MILAN — Prada is eyeing an initial public offering again — this time for the first quarter of 2012.
This story first appeared in the June 29, 2010 issue of WWD. Subscribe Today.
While the brand has been down this road before, the company has several reasons to make it happen on the fourth attempt. First, the timing coincides with the expiration of Prada’s loan of 450 million euros, or $556 million at current exchange, granted by a string of banks — Intesa Sanpaolo, UniCredit, Calyon, Banca Leonardo, Banca Popolare and Centrobanca. In August, the lenders agreed to postpone the term payment initially due to be repaid in two installments, one in July 2009 and the other the next month.
Second, Prada’s business continues to boom. According to a spokesman, the Prada Group today is valued at 3 billion euros to 4 billion euros, or $3.7 billion to $4.95 billion, a valuation that could further increase in the next 18 months.
“The first semester of 2012 will be a turning point because of the expiration of the loan, but right now, Prada is showing gratifying and comforting signals,” said the spokesman.
While the IPO will depend, as always, on market conditions, Prada is reaping the benefits of its plan to invest in directly operated stores. The aim is to generate more than 70 percent of consolidated turnover from directly operated stores next year.
In the first quarter ended April 30, the group’s revenues rose 26 percent to 366 million euros, or $452 million, exceeding budget expectations.
In a possible further sign of Prada’s increasing interest in an IPO, Davide Mereghetti, a top manager of important corporate clients for UniCredit, recently joined the firm’s board, succeeding Brian Blake, formerly chief operating officer.
Elsewhere, Prada is upping its virtual ante with the launch of e-commerce in the U.S. and Puerto Rico on Thursday, coupled with a richer online catalogue. The service will be expanded to Japan shortly.
Prior to the upgrade, purchasing Prada online was strictly a European affair with a limited selection, which has been quadrupled and now includes men’s accessories.

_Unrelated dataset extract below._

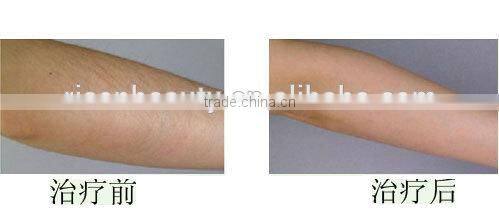 Multifunctional beauty salon machine E-light/ IPL/ RF functions for beauty salon use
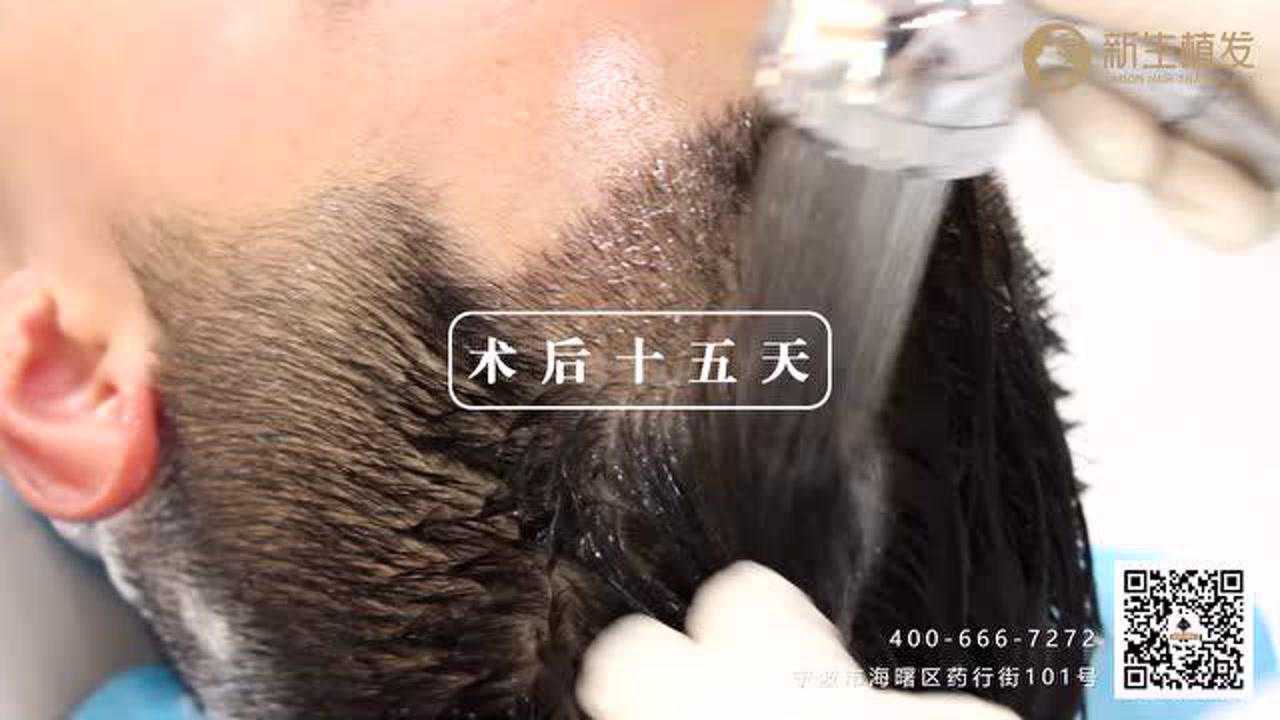 长沙有哪些植发选新生3d植发(长沙有哪些植发选新生3d植发的医院)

The choice spans from entry-level pieces to exotic skins such as crocodile and ostrich.
There are no plans to introduce online sales of apparel, however.
“We’re latecomers in this area, but that’s because we kept to our strategies of doing things well and when we’re ready,” said Sebastian Suhl, chief operating officer of Prada SpA. “Now the offering is on par with that of any Prada store and we see gigantic potential in it.” Suhl declined to reveal a first-year sales forecast, but said the objective for prada.com is to become just as profitable as any top flagship.